**How to complete this task:**
Exact transcription, pictures omitted: reproduce the listing below.

**Recorded data:**

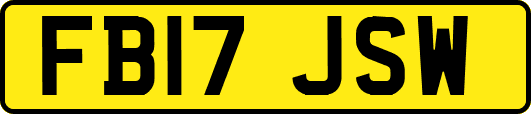 FB17JSW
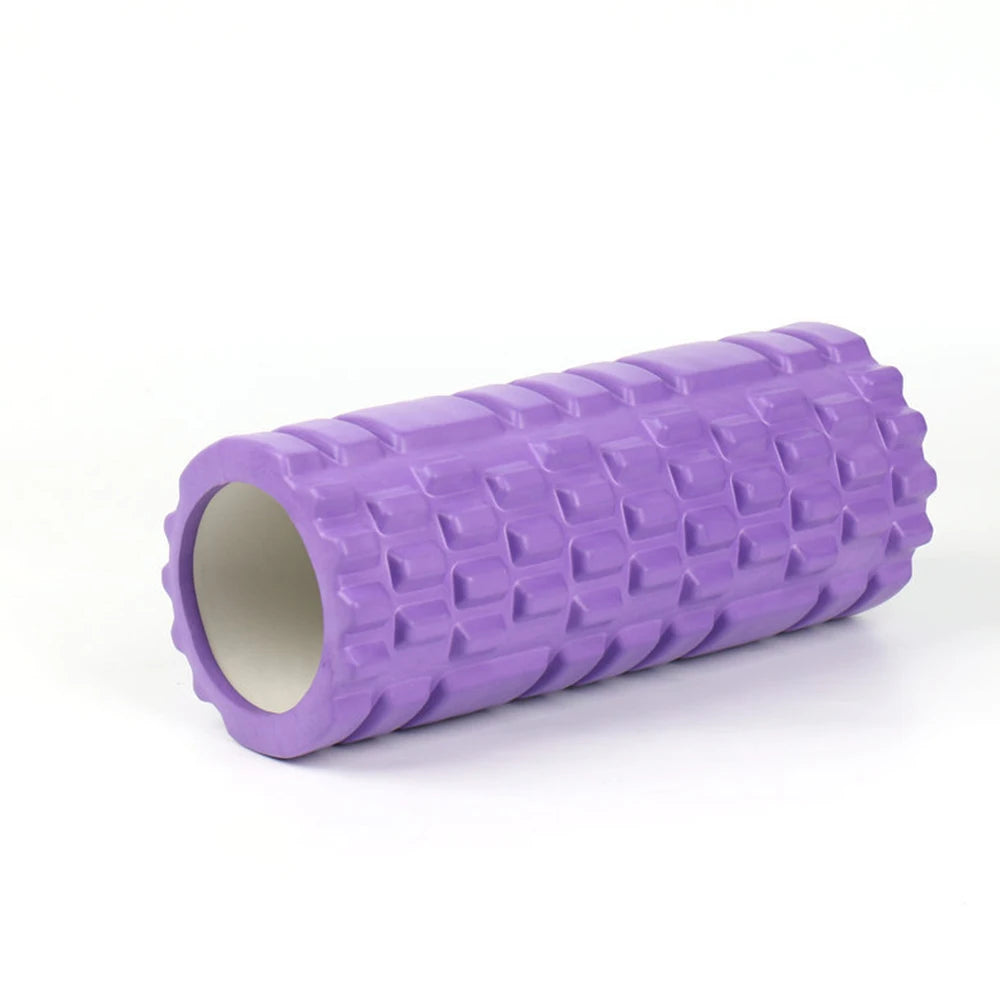 26/33Cm Yoga Column Foam Fitness Pilates Back Muscle Massage Roller 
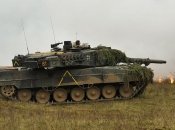 Немецкий Leopard 2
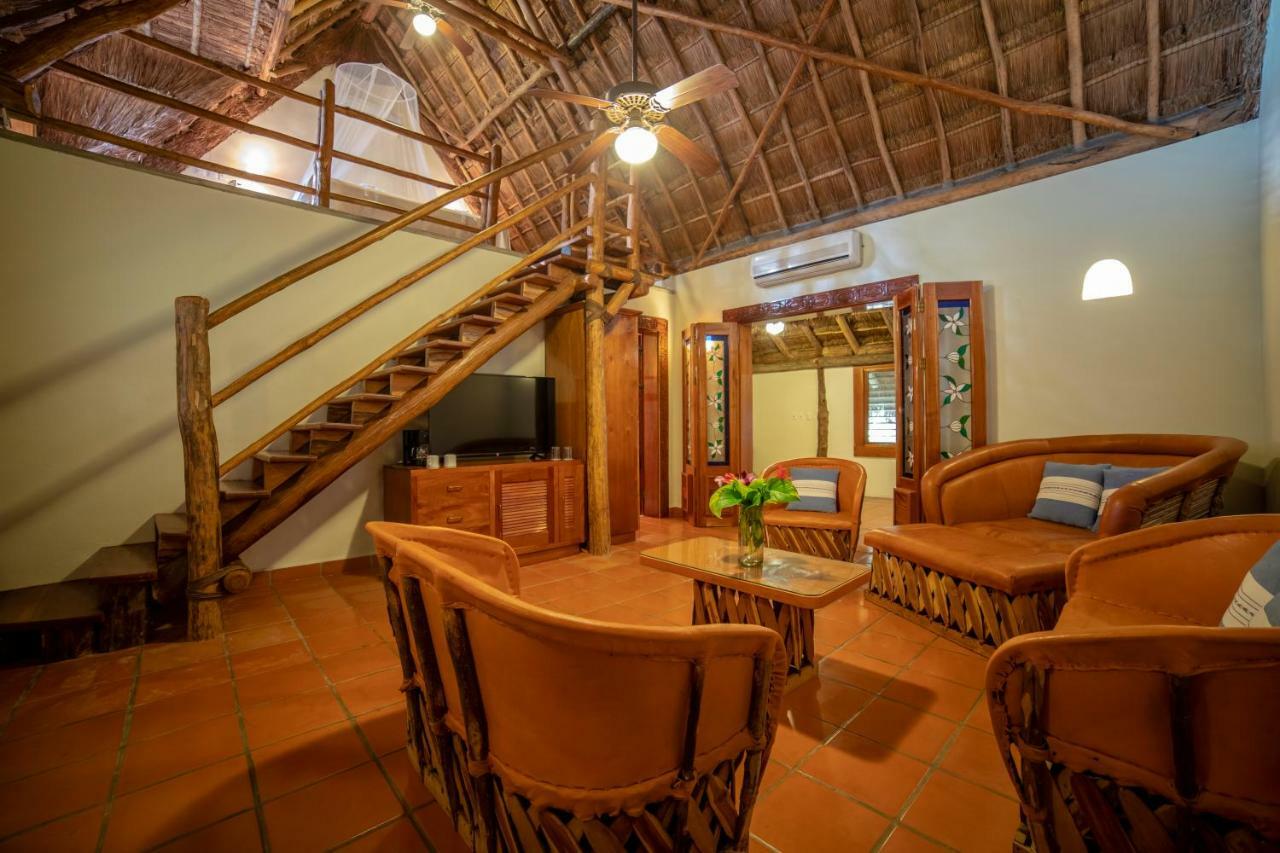 The Lodge At Chichén-Itzá Eksteriør billede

**Response to this exercise:**
 FB17JSW
 26/33Cm Yoga Column Foam Fitness Pilates Back Muscle Massage Roller 
 Немецкий Leopard 2
 The Lodge At Chichén-Itzá Eksteriør billede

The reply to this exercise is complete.